1:12 pm on Oct 11, 2010 (gmt 0)

10+ Year Member



I've grown more and more reluctant to even entertain the idea of selling sites... for now at least.

I've been approached repeatedly over the years about various established sites by different buyers. But almost all of them in their introductory emails appeared to be pure number-based acquiring types who I think just go on a buying spree based on a site's domain name, age, pagerank, traffic etc without having any interest in what the site actually is about and its very reason for existence.

A couple of buyers were as audacious as to state as-a-matter-of-factly their intentions to "assimilate" the sites within their "network".

As someone who loves designing and creating individual sites from scratch, these Borg-like parties just creep me out.

Or may be I'm just too old fashioned and idealistic, and will sell when things don't matter at all.

maximillianos

1:49 pm on Oct 11, 2010 (gmt 0)

WebmasterWorld Senior Member 10+ Year Member



Yeah I'm stuck in this sell decision. My sites provide a growing income with very little maintenance and almost no overhead. Pure profit in my pocket.

The idea of a nice lump sum is appealing though. But what then? There is a reason these companies are looking to acquire sites like ours. It is a good place to put your money right now. I'm looking at a 5x annual earning evaluation. It seems fair, but it still does not excite me. I guess my gut is telling me something.

dataguy

3:21 pm on Oct 11, 2010 (gmt 0)

WebmasterWorld Senior Member 10+ Year Member



I've sold plenty of sites because I wanted to move on to the next idea, but right now I'm at the place where I'd need enough $$$ to retire before I'd sell my main site, and I'm only 43.

A lot of good can come from entertaining potential buyers, especially if it is regarding a high-dollar site. There's really no playbook for selling Internet properties so gaining this experience can be crucial when you finally do decide to sell. Just make sure the potential buyer understands you are not agreeing to sell until you have a final agreement.

Things like when to require a non-disclosure agreement, what to make of non-compete clauses, how payments are paid out, if or how long you will work for or consult with the company after the purchase, even your financial structure for accepting large lump-sums with the greatest tax advantage. These can be crucial, and making a mistake can be very, very costly.

maximillianos

5:52 pm on Oct 11, 2010 (gmt 0)

WebmasterWorld Senior Member 10+ Year Member



Excellent points dataguy. I actually called the IRS directly to inquire about tax implications of selling my site. Even they were unsure and said I would need to file for a case review to get a proper answer. There is a lot at stake in the tax game. If sold improperly you can end up paying twice the taxes.

Jane_Doe

7:43 pm on Oct 11, 2010 (gmt 0)

WebmasterWorld Senior Member 10+ Year Member Top Contributors Of The Month



It is a good place to put your money right now.

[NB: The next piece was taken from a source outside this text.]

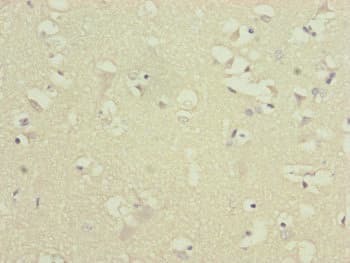 ATP5D Antibody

Web sites can be good investments these days compared to CDs and money markets if you know what you are doing. But I think most of the stuff for sale on the web site for sale forums these days are over priced or pretty sketch.

maximillianos

8:23 pm on Oct 11, 2010 (gmt 0)

WebmasterWorld Senior Member 10+ Year Member



Very true. There is a lot of garbage for sale out there. Your best bet is to find a site you like that is not for sale. Then make the owner an offer.

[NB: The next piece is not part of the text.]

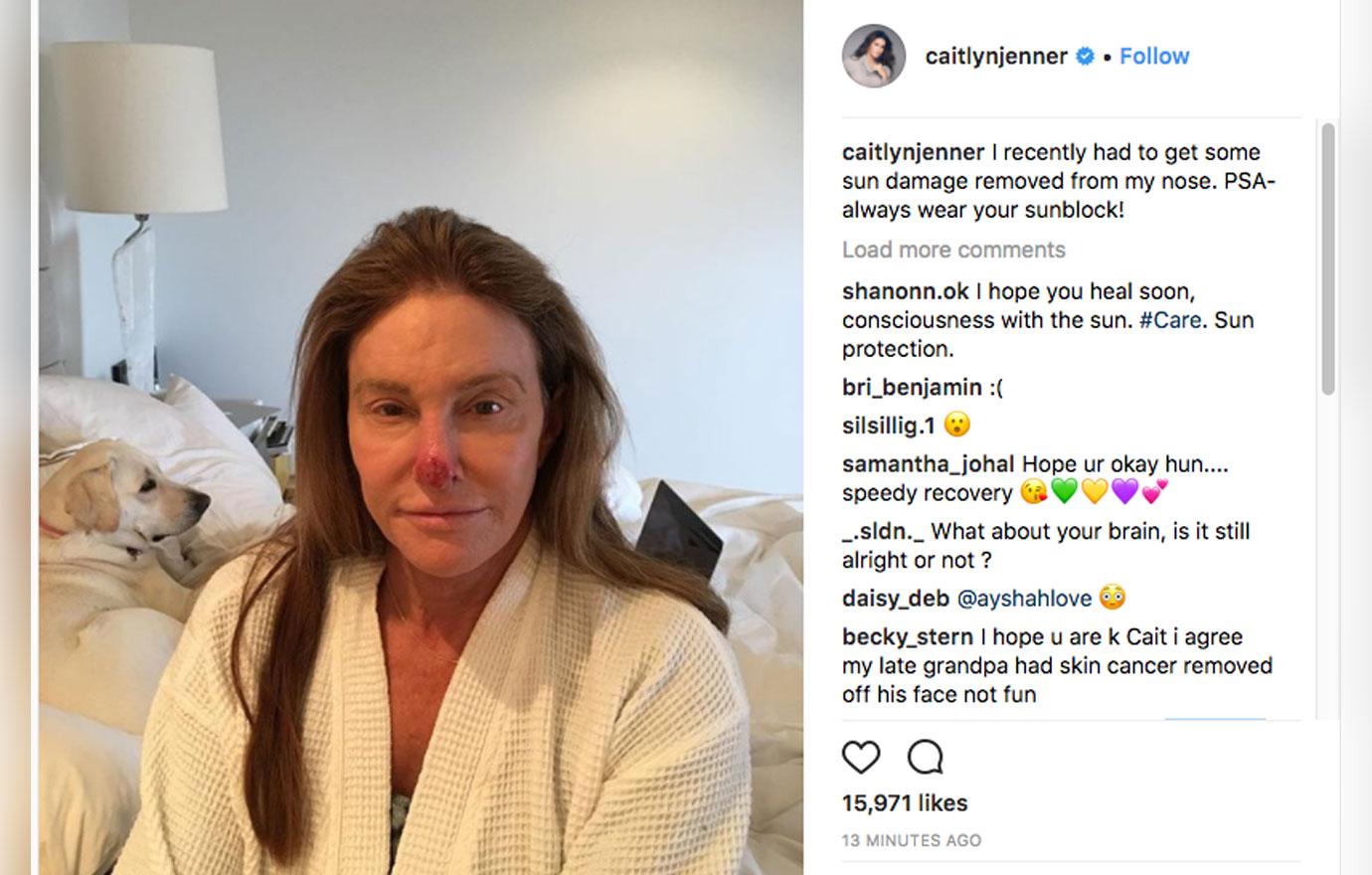 Caitlyn jenner graphic sun damage 1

Most sites I see in for-sale forums are templates, pipe dreams and empty promises of vast fortunes.

graeme_p

7:14 am on Oct 13, 2010 (gmt 0)

WebmasterWorld Senior Member 10+ Year Member Top Contributors Of The Month



Yeah I'm stuck in this sell decision. My sites provide a growing income with very little maintenance and almost no overhead.


Same as my established site, although I am putting work into it again to (hopefully!) boost growth.

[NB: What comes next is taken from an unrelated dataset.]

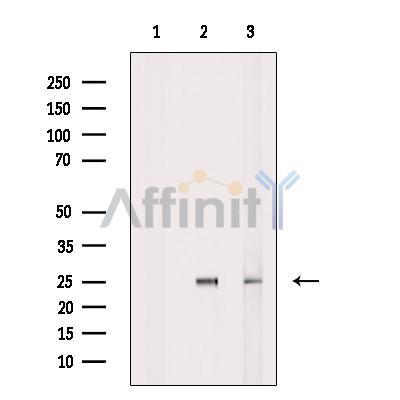 Claudin 17 Antibody -DF13751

I do not see a good case for selling these. What are you going to do with the money that will replace the income? To put it another way, how much would you have to sell it for in order to be able to reinvest the money in a way that will provide the same income?

I'm looking at a 5x annual earning evaluation


Have you been offered that? Every discussion I have seen about suggests about 1x annual revenues, and for a low maintenance Adsense site earnings/profits will be almost equal to revenues.